If its an option, will it remain one?


----------



## shouldbeinbed (8 Sep 2015)

classic33 said:


> If its an option, will it remain one?


Dunno, hope so. I'm a simple soul and have enough passwords and gubbins to remember as is.


----------



## PeteXXX (8 Sep 2015)

One step, two steps and tickley under there.....


----------



## jefmcg (8 Sep 2015)

https://www.cyclechat.net/threads/account-security-two-step-verification.187207/

Why would a user want to turn this on? I can't see an outcome from my account here being compromised that is so bad it would be worth hassle of 2 factor verification. 

And as I protect my password to here along with a lot more valuable information, I'd be focused on other accounts if I had a security breach. 

Yahoo turned in 2 factor verification without user agreement a few years ago. You can no longer access yahoo accounts from new devices without answering your security question. As I knew I would never forget
my password, I answered security question with random characters so there wouldn't be a back-door into my account. So now I can't access my account even though I still have the password. Ironically, if I only had my security answer - much easy for someone else to guess - I could access my account. They have a _forgotten password _button, but no _forgotten security question _button. So they've lost a customer.


----------



## Shaun (8 Sep 2015)

It is optional, will remain so, and is disabled by default. 

Cheers,
Shaun


----------



## jefmcg (8 Sep 2015)

Shaun said:


> It is optional, will remain so, and is disabled by default.
> 
> Cheers,
> Shaun


Seriously curious: why did you go to bother of turning it on? Do you really think there is a likelihood of made-up-username identity theft?


----------



## Shaun (8 Sep 2015)

jefmcg said:


> Seriously curious: why did you go to bother of turning it on? Do you really think there is a likelihood of made-up-username identity theft?

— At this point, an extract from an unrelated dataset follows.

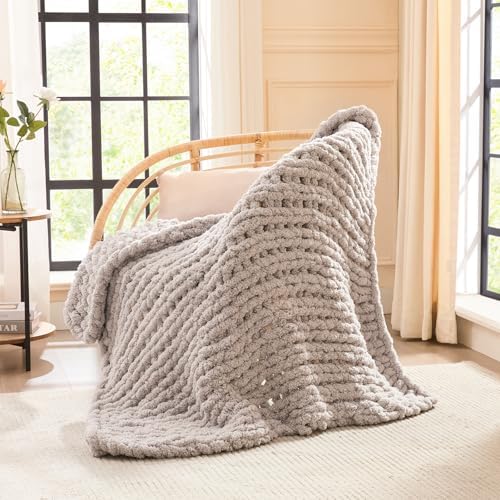 L'AGRATY Chunky Knit Throw Blanket for Couch, 40'' x 50'' Knit Throw, Grey by LAGRATY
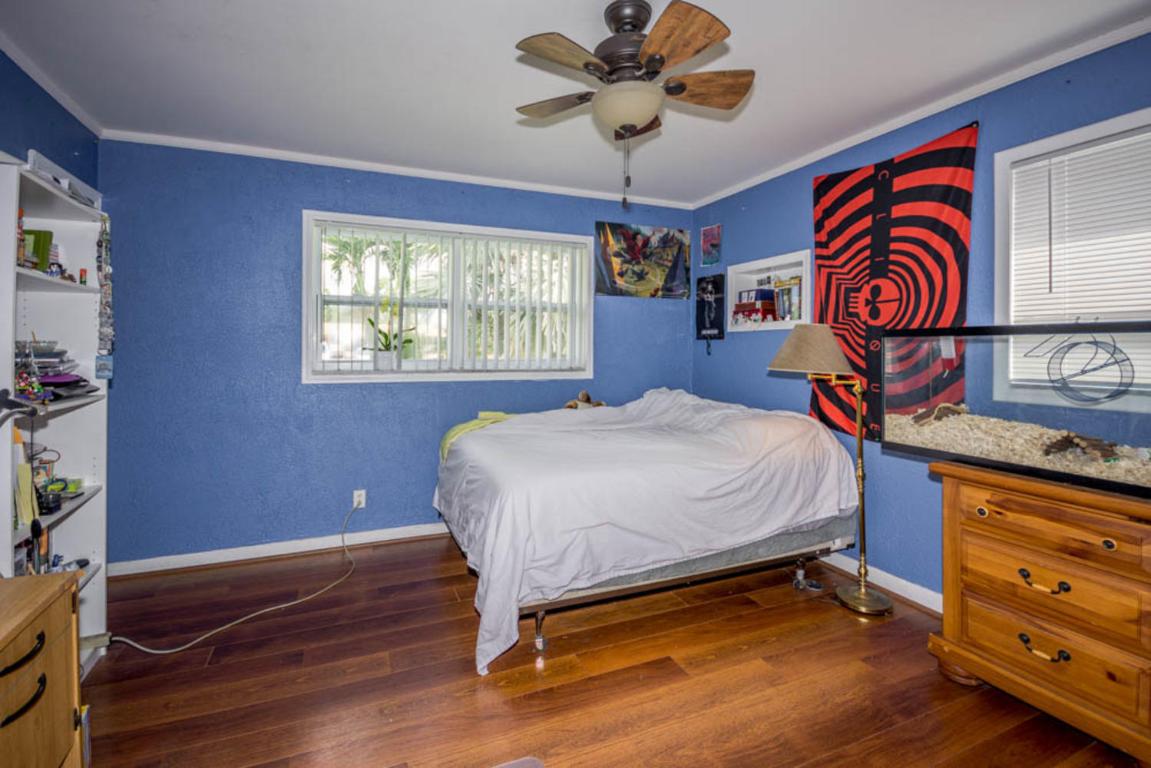 COUNTRY CLUB ACRES 5 - Residential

I didn't. The latest update included it and it cannot be disabled. Since it is there I thought it would be useful to advise _what _it is and give members the option to use it if they wish.

If it is of no interest to you just don't use it. 

Cheers,
Shaun


----------



## raleighnut (8 Sep 2015)

jefmcg said:


> Seriously curious: why did you go to bother of turning it on? Do you really think there is a likelihood of made-up-username identity theft?


Can we use the excuse of being 'hacked' if we post drivel after midnight due to 'enjoying' ourselves a bit much  or will they still think it was us did it. 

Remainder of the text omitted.